Left tailed test, so P-value is area to left of test statistic. We need P(z < -1.84). Using the
z-table, the area is 0.0329, so the P-value of this test is 0.0329
5) In a right-tailed test, you calculate the critical value to be 1.645, and your test statistic
to be 1.34. This would lead you to FAIL TO REJECT the null hypothesis.
6) Testing the claim H1: p < 0.40, you calculate your test statistic to be z = -1.84, and the
critical value to be –2.33. Sketch a graph of the distribution, labeling the test statistic
and critical value, and shading the critical region.

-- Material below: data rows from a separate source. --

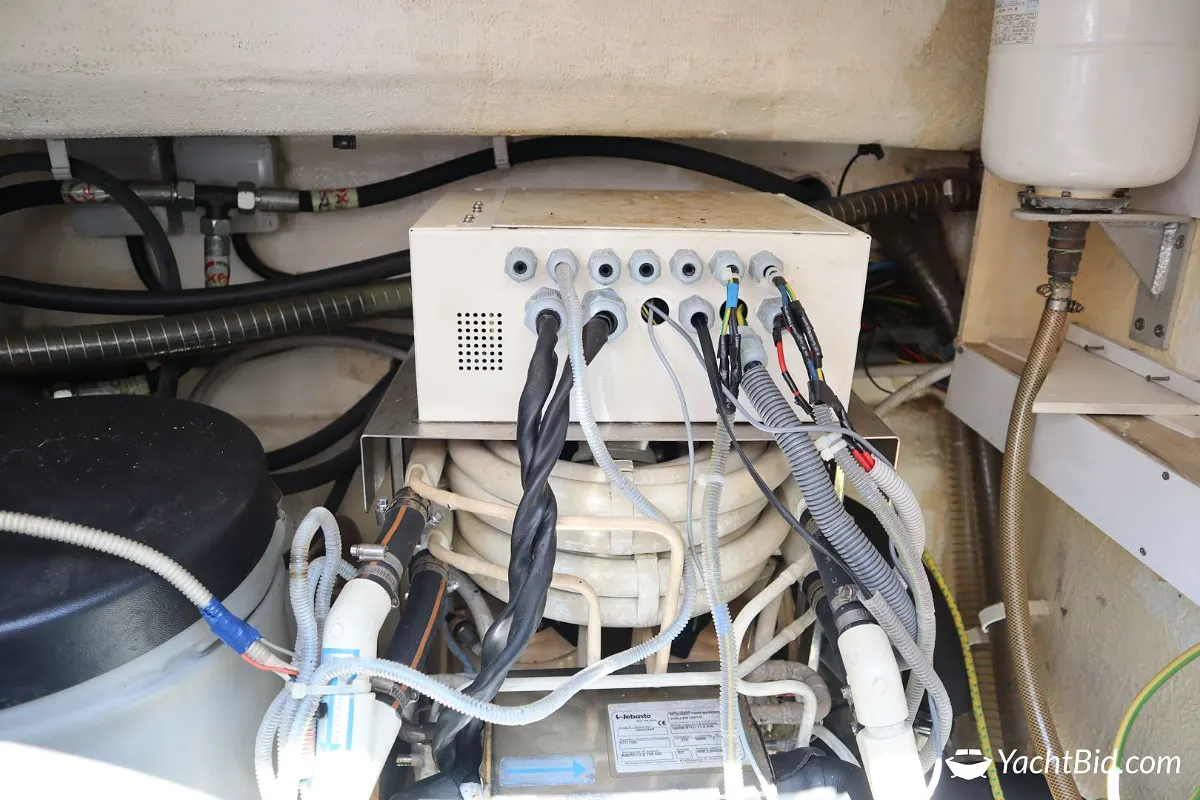 Sunreef 62 100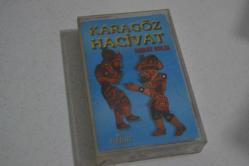 karagöz hacivat - karagöz okulda kaset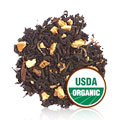 Orange Spice Tea -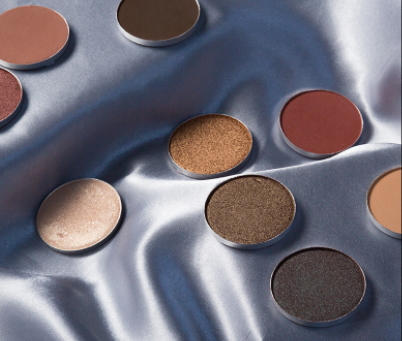 hazel feel眼影怎么樣？hazel feel眼影評測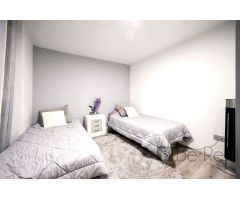 EN VENTA EXCLUSIVO CHALET PAREADO EN URB. PRIVADA DE BOADILLA DEL MONTE (MADRID)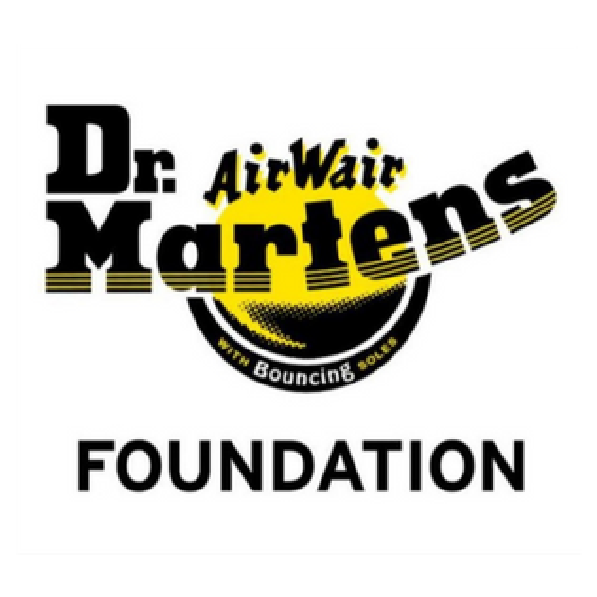 Dr Martens Foundation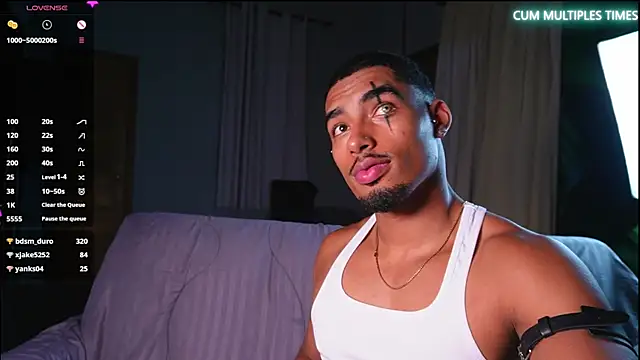 LiamByrne online show from April 11, 9:35 am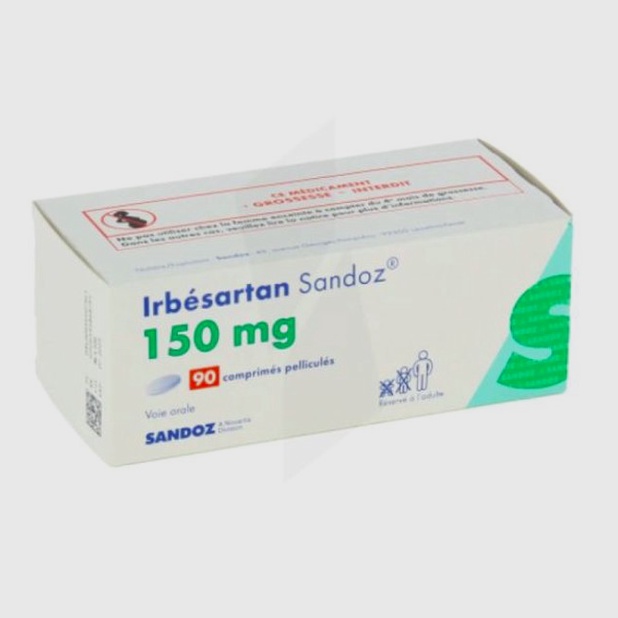 irbesartan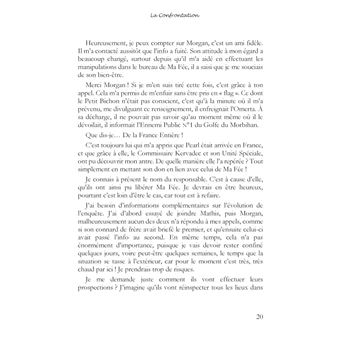 La Communion Des Âmes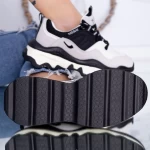 Pantofi Sport Dama WL250 Negru Mei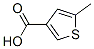 19156-50-4,5-methylthiophene-3-carboxylic acid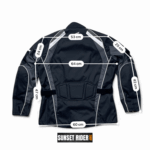 HONDA XL - Homme - blouson seconde main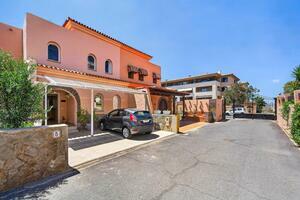 3 Bedroom Townhouse - Playa Paraíso - Albatros 1 (1)
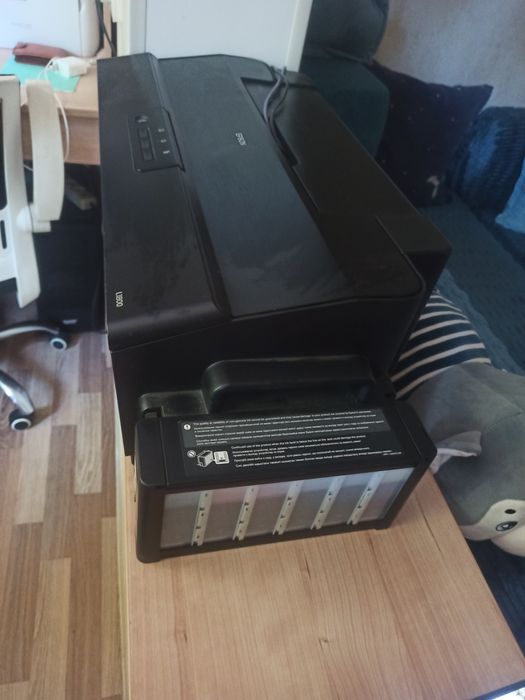 Epson l1800 продам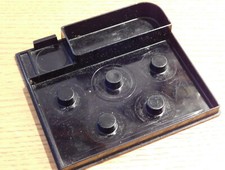 VINTAGE 5 cam box BOITE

7) In a survey of 500 people, 160 reported having been on a diet in the last year. Use
this sample to test the claim that more than 30% of people have been on a diet in the
last year. Test at the 10% significance level.
Since our claim is about a percentage of people, this is a test of proportions.
Claim: p > 0.30
H0: p = 0.30
H1: p > 0.30 “Claim”
Alpha = 0.10
p-hat = 160/500 = 0.32
Test stat: z = (.32 - .30)/sqrt(.30*.70/500) = 0.976
Critical value: Since this is a right-tailed test, 0.10 is above the critical value, 0.90 below.
Looking at the z-table, the z-value that gives an area below of .90 is 1.28
Since the test statistic does not fall in the critical region, we fail to reject the null
hypothesis. Conclusion: There is not sufficient sample evidence to support the claim
that more than 30% of people have been on a diet in the last year.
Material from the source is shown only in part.